Biden is facing three federal gun charges brought by Special Counsel David Weiss in September, which include providing false statements and knowingly possessing a gun while being addicted to drugs. Dupree on “CNN News Central” said Biden’s defense strategy to deny his knowledge he was a drug addict poses challenges because of the evidence against him. (RELATED: ‘Every Angle… Hurts Joe Biden’: Hunter’s Latest Stunt May Have Thrown His Dad Into A Messy Tangle, Strategists Say)


“I think that is going to be a critical point in this trial, and I strongly suspect that’s actually going to be the primary defense that we hear from Hunter Biden’s team,” Dupree said. “What they are going to argue is that even if he was abusing drugs at the time, he thought genuinely, in their view, that maybe he wasn’t addicted to drugs, maybe he wasn’t abusing them.

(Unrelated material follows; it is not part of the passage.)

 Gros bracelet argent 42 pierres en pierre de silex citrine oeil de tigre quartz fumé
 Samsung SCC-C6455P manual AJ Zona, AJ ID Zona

And so therefore, he can’t be held criminally accountable for checking the box ‘no on the federal form.”

“I think it‘s a tough argument for the jury. I don’t know if the defense has a whole lot of other options available to it,” he continued. “This may be the best they can do, but I think it’s going to be tough persuading the jury that well, when he checked a box, he didn’t really realize that he was abusing drugs at the time.”

Prosecutors obtained some messages and material from Biden’s abandoned laptop, showing it to the jury that was selected on Monday as evidence of his drug use around the period of the gun purchase in 2018, according to CNN.

Criminal defense attorney Bernarda Villalona had suggested Biden plead guilty on Monday, asserting Weiss’ evidence against him is “strong.” She also offered the advice based on the potential jail sentence the president’s son could face if convicted, claiming a guilty plea may be his “best” course of action to evade incarceration.

Biden also faces nine federal tax charges, including tax evasion and tax fraud for tax years 2016 through 2019, according to the indictment against him. Biden’s attorneys appealed the case, but Judge Mark Scarsi rejected it, with the trial scheduled to commence on June 20.